Is MANIFEST.in still needed to include data in a package built with setuptools?

Hi all,

I’m posting a question here from a review.
Is MANIFEST.In still needed for including data files in a package built with setuptools?

My read of this page Data Files Support - setuptools 68.2.2.post20231016 documentation is that we can avoid adding a MANIFEST.in file by using the package_data options described in this section:
Data Files Support - setuptools 68.2.2.post20231016 documentation

E.g., with a pyproject.toml file we would add

[tool.setuptools.packages.find]
where = ["src"]

[tool.setuptools.package-data]
mypkg = ["*.txt", "*.rst"]

So for the review where this question came up (rdata, read R datasets from Python · Issue #144 · pyOpenSci/software-submission · GitHub), you would do:

[tool.setuptools.packages.find]
where = ["rdata"]

[tool.setuptools.package-data]
mypkg = ["*.rda", "*.rds"]

Have I got that right, or is there something I’m missing?

2 Likes

i cant answer this but wanted to share the post from one of the setuptools maintainers

he write:

My personal opinion is that MANIFEST.in is only needed if you want a high degree of customization and/or are not happy with using VCS (e.g. there are people that believe that disagree on a conceptual level with using VCS info for builds)
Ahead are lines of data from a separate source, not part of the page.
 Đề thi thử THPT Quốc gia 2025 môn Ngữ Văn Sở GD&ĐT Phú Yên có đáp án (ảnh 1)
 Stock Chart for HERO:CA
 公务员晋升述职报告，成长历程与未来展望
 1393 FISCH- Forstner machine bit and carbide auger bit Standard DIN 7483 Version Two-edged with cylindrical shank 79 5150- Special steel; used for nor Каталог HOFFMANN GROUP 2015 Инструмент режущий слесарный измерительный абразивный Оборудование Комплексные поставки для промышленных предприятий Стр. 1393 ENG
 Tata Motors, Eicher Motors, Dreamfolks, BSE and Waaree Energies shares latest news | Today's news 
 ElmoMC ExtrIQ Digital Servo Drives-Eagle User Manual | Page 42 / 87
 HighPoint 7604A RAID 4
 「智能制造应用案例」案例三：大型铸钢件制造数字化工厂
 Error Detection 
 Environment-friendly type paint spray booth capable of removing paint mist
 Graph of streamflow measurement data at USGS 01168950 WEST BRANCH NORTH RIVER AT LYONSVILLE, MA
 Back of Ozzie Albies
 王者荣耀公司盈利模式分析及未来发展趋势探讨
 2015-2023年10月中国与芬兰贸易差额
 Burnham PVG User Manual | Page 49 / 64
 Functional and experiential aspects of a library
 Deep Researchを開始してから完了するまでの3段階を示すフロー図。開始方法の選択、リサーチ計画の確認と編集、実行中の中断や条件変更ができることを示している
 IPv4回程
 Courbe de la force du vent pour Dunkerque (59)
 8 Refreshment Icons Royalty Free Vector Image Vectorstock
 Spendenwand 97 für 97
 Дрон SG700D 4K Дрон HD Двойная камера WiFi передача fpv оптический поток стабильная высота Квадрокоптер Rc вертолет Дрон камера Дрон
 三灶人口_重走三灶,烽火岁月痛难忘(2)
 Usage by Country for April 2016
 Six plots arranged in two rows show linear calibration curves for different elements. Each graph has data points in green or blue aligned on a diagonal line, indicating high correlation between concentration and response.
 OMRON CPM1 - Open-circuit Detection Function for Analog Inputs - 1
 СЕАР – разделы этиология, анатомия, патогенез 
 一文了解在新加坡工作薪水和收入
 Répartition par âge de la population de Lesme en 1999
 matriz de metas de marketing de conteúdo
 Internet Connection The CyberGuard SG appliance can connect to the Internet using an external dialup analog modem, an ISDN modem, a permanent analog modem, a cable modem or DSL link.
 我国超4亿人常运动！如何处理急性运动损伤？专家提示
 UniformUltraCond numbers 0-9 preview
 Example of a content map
There is some information about it on: Controlling files in the distribution - setuptools 69.0.2.post20231122 documentation.

Shall we see what he has to say about your question here?

I am happy to help, however it seems that this question comes charged with a lot of context that I might not be aware/have the time to read through the entire previous issue/pr/discussions…

I can give my feedback about what would be the effect of the suggested configurations:

When I read this I imagine you have the following project structure:

.  #  project root
├── pyproject.toml
└── rdata/
    └── mypkg/
        ├── a.rda
        ├── b.rds
        ├── subpkg1/
        │   ├── mod1.py
        │   └── ... # does not include .rda, .rds files
        └── subpkg2/
            ├── mod2.py
            └── ... # does not include .rda, .rds files

If that is the case, the .whl file will contain mypkg/a.rda and mypkg/b.rds files, and those will be installed in the site-packages directory. Later you can use importlib.resources to traverse the mypkg file and list all the files.

1 Like

The actual structure is more like:

.  #  project root
├── pyproject.toml
└── rdata/
    ├── mod1.py
    ├── mod2.py
    └── tests/
        ├── test1.py
        ├── test2.py
        └── data/
            ├── a.rda
            └── b.rds

I am not using setuptools-scm. Is that the recommended best practice?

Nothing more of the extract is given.